Your assignment
Repeat the records below exactly as they appear, leaving out any pictures.

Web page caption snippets
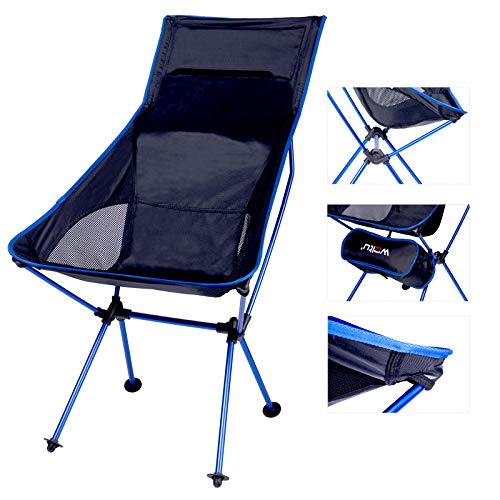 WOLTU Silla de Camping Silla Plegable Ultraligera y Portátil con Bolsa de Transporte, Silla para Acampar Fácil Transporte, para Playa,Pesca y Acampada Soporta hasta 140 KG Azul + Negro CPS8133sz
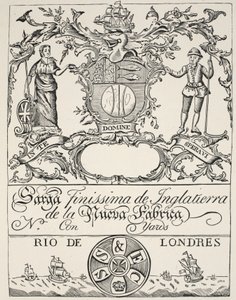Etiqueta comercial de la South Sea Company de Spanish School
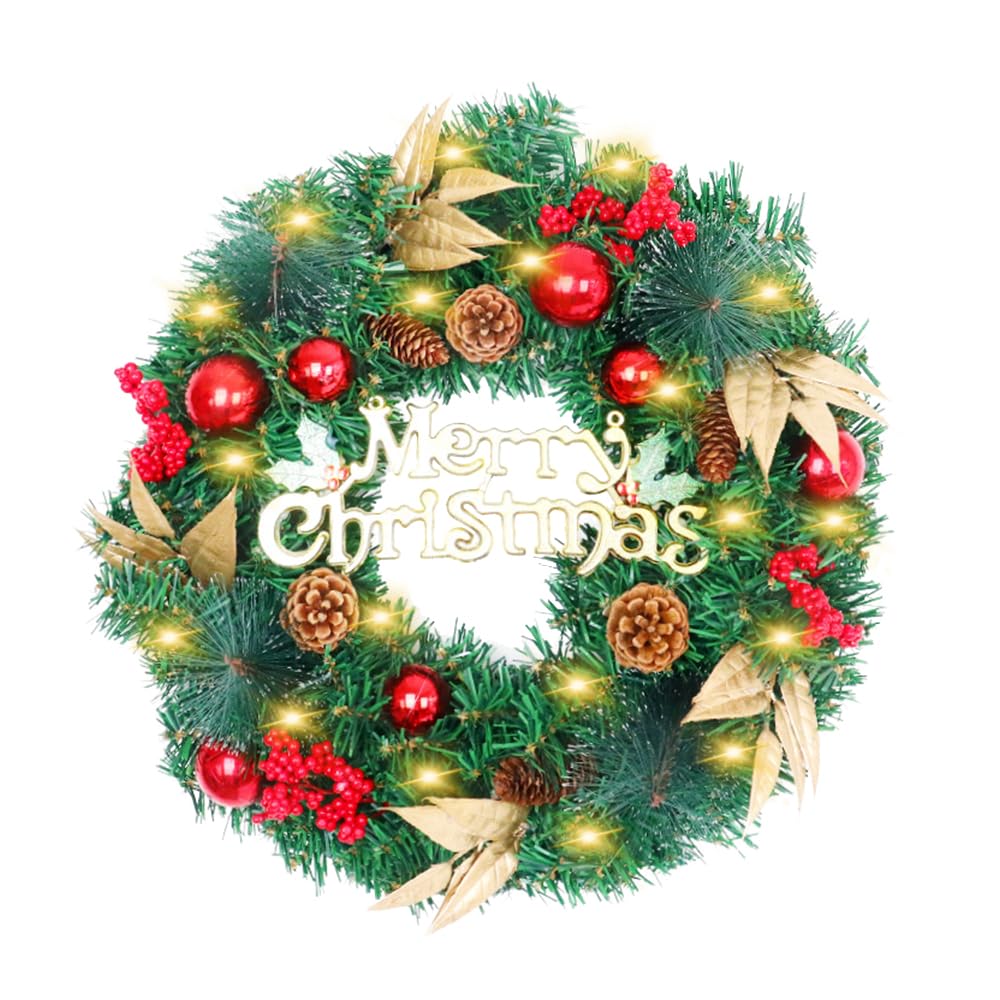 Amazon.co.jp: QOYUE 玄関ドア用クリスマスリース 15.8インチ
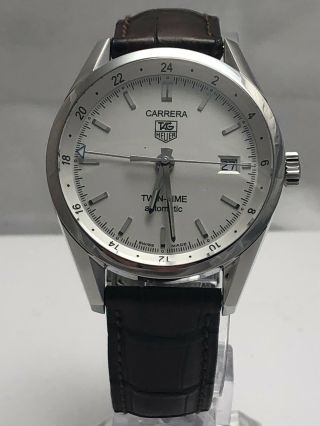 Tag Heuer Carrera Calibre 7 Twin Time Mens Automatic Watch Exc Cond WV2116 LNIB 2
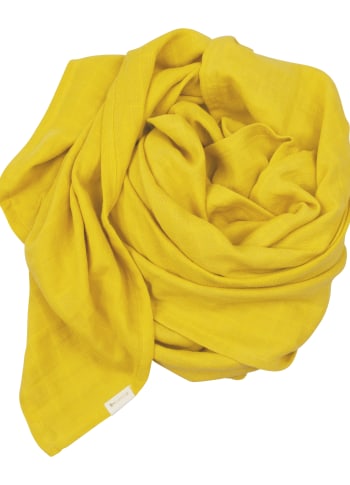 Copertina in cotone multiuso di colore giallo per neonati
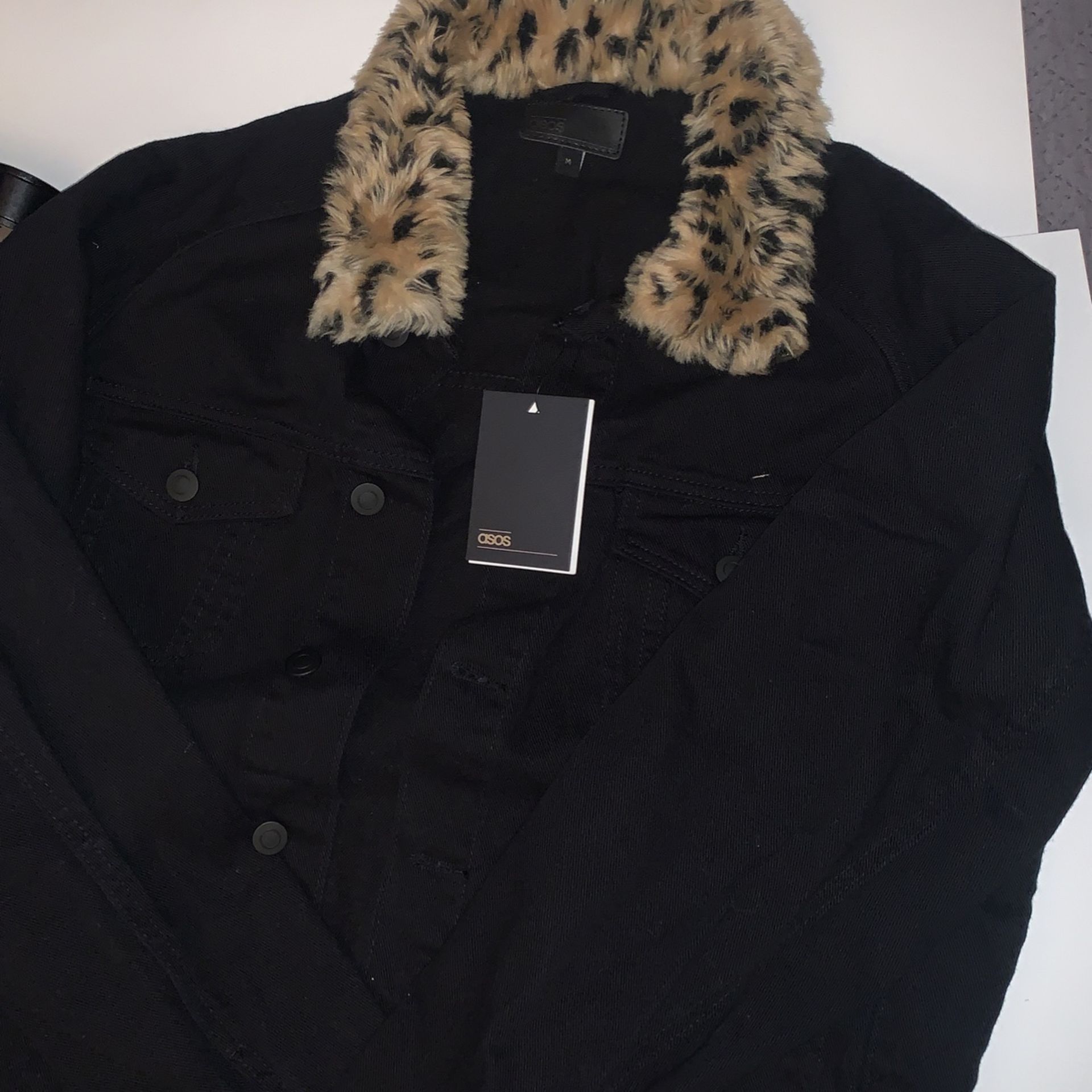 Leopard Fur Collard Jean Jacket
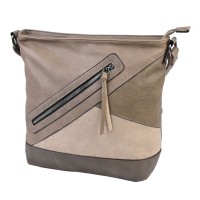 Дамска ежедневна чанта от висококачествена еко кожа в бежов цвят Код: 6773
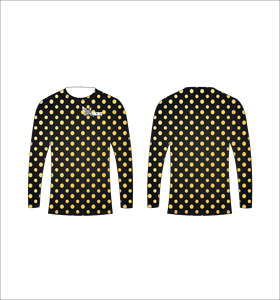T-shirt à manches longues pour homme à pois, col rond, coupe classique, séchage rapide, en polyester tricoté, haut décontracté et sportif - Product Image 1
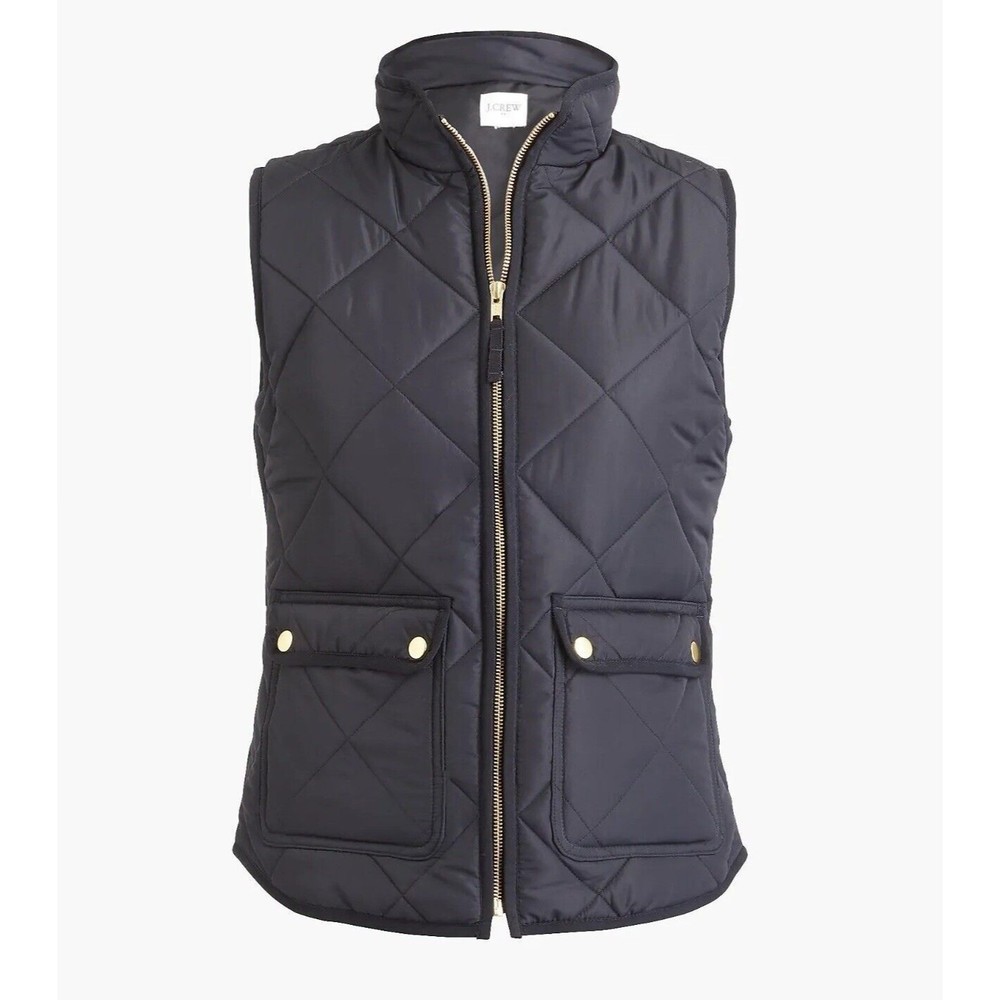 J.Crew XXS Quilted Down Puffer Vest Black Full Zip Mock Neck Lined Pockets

Written response
 WOLTU Silla de Camping Silla Plegable Ultraligera y Portátil con Bolsa de Transporte, Silla para Acampar Fácil Transporte, para Playa,Pesca y Acampada Soporta hasta 140 KG Azul + Negro CPS8133sz
Etiqueta comercial de la South Sea Company de Spanish School
 Amazon.co.jp: QOYUE 玄関ドア用クリスマスリース 15.8インチ
 Tag Heuer Carrera Calibre 7 Twin Time Mens Automatic Watch Exc Cond WV2116 LNIB 2
 Copertina in cotone multiuso di colore giallo per neonati
 Leopard Fur Collard Jean Jacket
 Дамска ежедневна чанта от висококачествена еко кожа в бежов цвят Код: 6773
T-shirt à manches longues pour homme à pois, col rond, coupe classique, séchage rapide, en polyester tricoté, haut décontracté et sportif - Product Image 1
 J.Crew XXS Quilted Down Puffer Vest Black Full Zip Mock Neck Lined Pockets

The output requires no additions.